Procrastinators Anonymous is a fellowship of men and women who share their experience, strength and hope with each other that they may solve their common problem and help others to recover from chronic procrastination.

Introducing myself


I am new here, and I absolutely fascinated by this website, since almost everything I read speaks to (and of) me, somehow. 

I am 27 years old and currently in the finishing touches of my bachelors degree. I have not always been a procrastinator, as I was a very good and very disciplined student in high-school. Just before my last year of high-school both of my parents died, and my sister and my grandmother had died within three years before that. Everything seems to have gone downhill from there. For nearly a year I was unable to do anything but mourn and get the financial chaos into some kind of order.  I had assistance from my aunt, who, even though I am grateful to her, has a very bossy personality and pushed me into taking a fulltime course to get my highschool degree and some other things that simply overwhelmed me. She thought that that would prevent me from depression, when in reality I was long past that point.
I do not blame her for my current situation, but when thought about it, this was propably the trigger of what I found on this website as "demand-resistance."  Needless to say, I failed the course, since I barely went there.  I managed to pull myself out of the depression, enrolled in evening school and got a job during the day. I got my highschool diploma, despite procrastinating a lot, and am now in University studying Sociology, which really interests me.

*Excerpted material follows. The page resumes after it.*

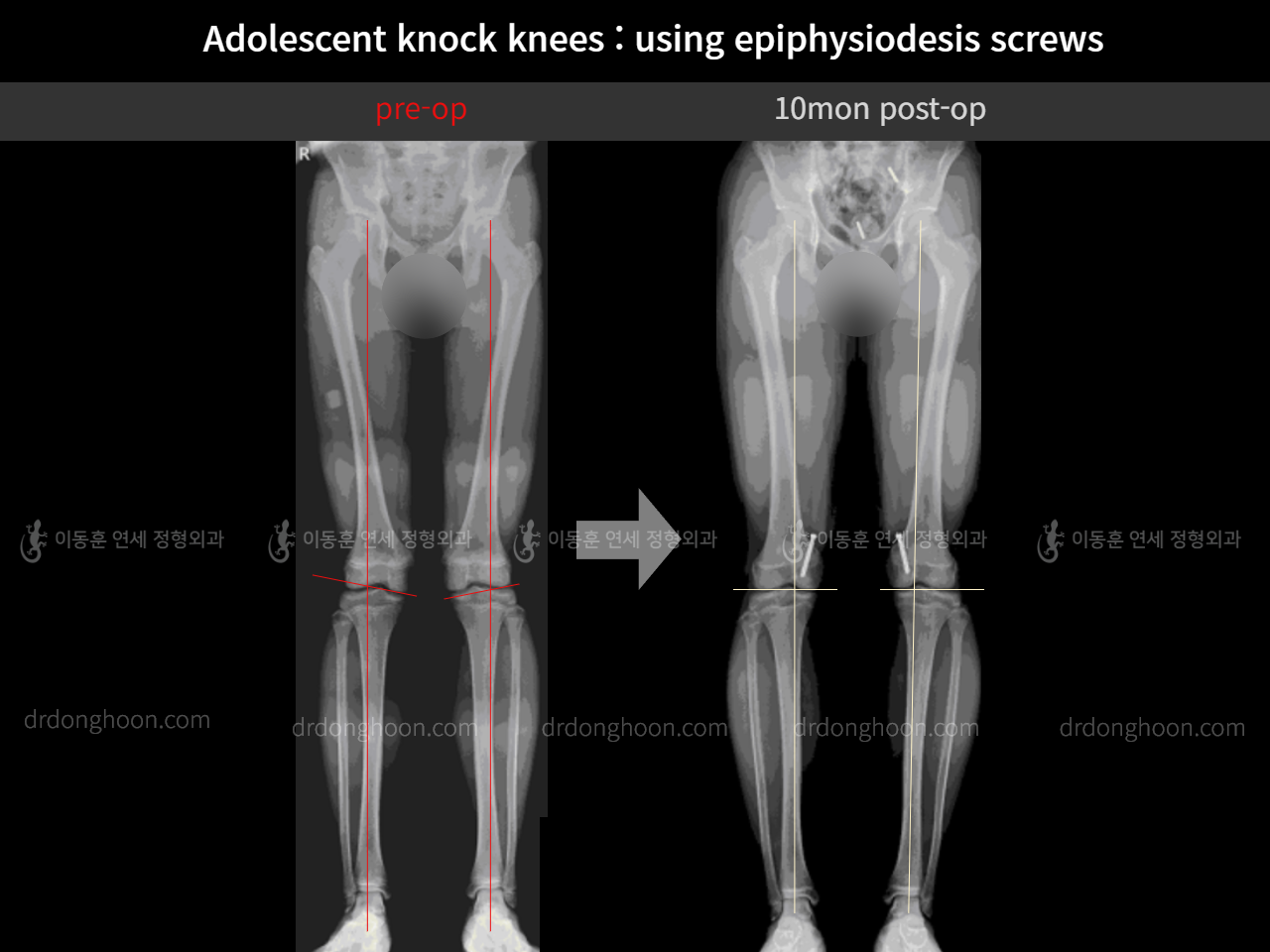 Before and after paediatric & adolescent knock knees, case 11511975, image 7, Dr. Donghoon institute (DALRI)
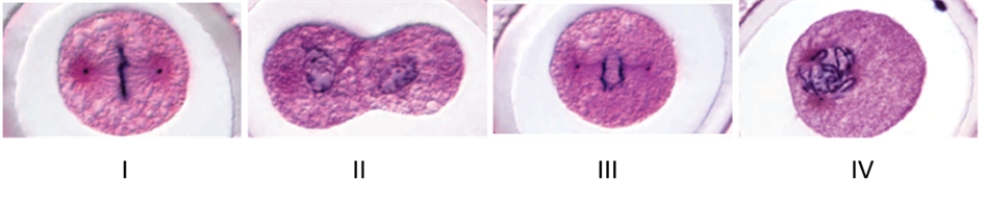 <strong>Examine the micrographs below to answer the following question. The cell in micrograph II is at which stage of the cell cycle?</strong> A)prophase B)telophase C)interphase D)anaphase E)metaphase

I have procrastinated a lot during these three last years,  and finished a lot of stuff cramming the night before the deadline. I even had to drop an exam or two, but I still managed to get more credits than needed. I think it was because I like the subjects overall. But now I have to write my bachelors paper. I never had any problem writing papers, so I don't know why exactly this is so hard to do, especially because I have the time pressure that usually gets me going. (In fact, I should have finished the paper day before yesterday, and I am not nearly done.) One reason might be, that I do not find the subject of my study very interesting, and the other that the professor pushed the subject on me. (demand-resistance again?) Also, I will have to organize three professors and take an exam before I am done, and the clock is ticking on that too. And I am planning to move to a different city and university, but if I do not finish my paper day-before-yesterday, I will not have my degree on time to do that. And even if, I don't know if I will have time enough to organize the move and an affordable apartment. And that really just makes me want to roll up on my bed and die.  (Or distract myself with cleaning, watching TV and doing everything thats not THAT paper.)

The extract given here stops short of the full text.